Article first published on September 21, 2021
The work of Patrick Vilaire is conceptual and cerebral. The trained engineer shapes clay and metal as he sculpts ideas.
Claiming to be an artist anchored in the world, he offers a contemporary reading through the lens of ancestral knowledge and advances in Western science.
Thus, he previews the earthquake of 2010 from 2008 with Poto Mitan (the Richter Scale) and our destructive headlong rush in his series on obsession (eg death, war, power).
For him, art cannot be separated from science; the creative process is a research protocol, a new aesthetic proposal a medical discovery.
A fervent atheist, he draws from religions only to put them in communication with each other to better reveal their universal and anthropological scope. His art pays particular homage to the voodoo culture, like the sword of the academician Dany Laferrière. It is a means of rehabilitating this metaphysical and empirical heritage, the accretion of a dispersed stratified society.

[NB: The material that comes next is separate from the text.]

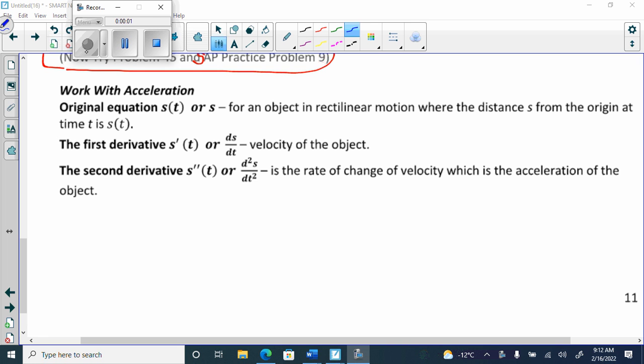So basically, all we've done so far is go from our distance equation to our velocity. Now we're going from our velocity to our acceleration. The acceleration is the derivative of velocity, or the second derivative of distance. So if I give you a velocity, you only have to find one derivative to get to acceleration. If I give you the distance formula, you have to find two.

Patrick Vilaire wants to make his works, syntheses of knowledge, accessible to all, so many are inscribed in the public space in Haiti as in Japan. He explains the fresco of Jalousie (a slum in the heights of Port-au-Prince), the stained glass windows of Furcy and the Man chair of the streets of Kyoto as follows:I am not a solitary artist. The strength of my work is in its participatory aspect. I am a creator because I enter into the lives of others, because I understand their mechanisms of life, because I participate in their pain. For me, the relationship with others, in my creation, is fundamental.